● Aim of the exercise: Starting at the line with "Supply Highly Crystallized", set down each line of the entries below through the last one, exactly as it stands.

Items listed in a dataset
- Opening Delimiter -

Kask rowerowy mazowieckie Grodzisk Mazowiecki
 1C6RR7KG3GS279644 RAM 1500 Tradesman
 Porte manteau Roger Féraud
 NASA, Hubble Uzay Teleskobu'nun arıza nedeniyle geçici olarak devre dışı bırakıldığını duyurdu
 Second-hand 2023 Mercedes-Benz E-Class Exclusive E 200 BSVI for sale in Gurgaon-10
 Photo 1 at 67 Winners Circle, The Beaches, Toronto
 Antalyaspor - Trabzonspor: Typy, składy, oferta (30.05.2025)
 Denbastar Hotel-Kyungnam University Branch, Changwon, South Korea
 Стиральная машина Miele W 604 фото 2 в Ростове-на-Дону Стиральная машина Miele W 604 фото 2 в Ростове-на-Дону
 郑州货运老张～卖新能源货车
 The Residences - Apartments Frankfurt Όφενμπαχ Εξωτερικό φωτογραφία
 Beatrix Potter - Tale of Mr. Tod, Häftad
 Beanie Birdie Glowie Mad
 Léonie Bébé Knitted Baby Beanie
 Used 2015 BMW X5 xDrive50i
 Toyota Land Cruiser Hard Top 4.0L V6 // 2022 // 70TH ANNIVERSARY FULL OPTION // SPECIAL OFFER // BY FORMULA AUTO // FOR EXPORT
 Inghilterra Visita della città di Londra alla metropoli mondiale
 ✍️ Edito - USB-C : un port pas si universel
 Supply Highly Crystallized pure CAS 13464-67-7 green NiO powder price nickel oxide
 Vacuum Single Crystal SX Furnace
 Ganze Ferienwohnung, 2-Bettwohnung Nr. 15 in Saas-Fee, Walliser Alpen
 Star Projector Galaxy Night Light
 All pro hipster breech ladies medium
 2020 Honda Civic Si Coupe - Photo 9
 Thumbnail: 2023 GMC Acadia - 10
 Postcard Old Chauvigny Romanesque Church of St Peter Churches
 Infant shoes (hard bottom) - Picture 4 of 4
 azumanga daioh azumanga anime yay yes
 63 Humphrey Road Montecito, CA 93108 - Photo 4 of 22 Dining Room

- Closing Delimiter -

● Solution to the exercise:
 Supply Highly Crystallized pure CAS 13464-67-7 green NiO powder price nickel oxide
 Vacuum Single Crystal SX Furnace
 Ganze Ferienwohnung, 2-Bettwohnung Nr. 15 in Saas-Fee, Walliser Alpen
 Star Projector Galaxy Night Light
 All pro hipster breech ladies medium
 2020 Honda Civic Si Coupe - Photo 9
 Thumbnail: 2023 GMC Acadia - 10
 Postcard Old Chauvigny Romanesque Church of St Peter Churches
 Infant shoes (hard bottom) - Picture 4 of 4
 azumanga daioh azumanga anime yay yes
 63 Humphrey Road Montecito, CA 93108 - Photo 4 of 22 Dining Room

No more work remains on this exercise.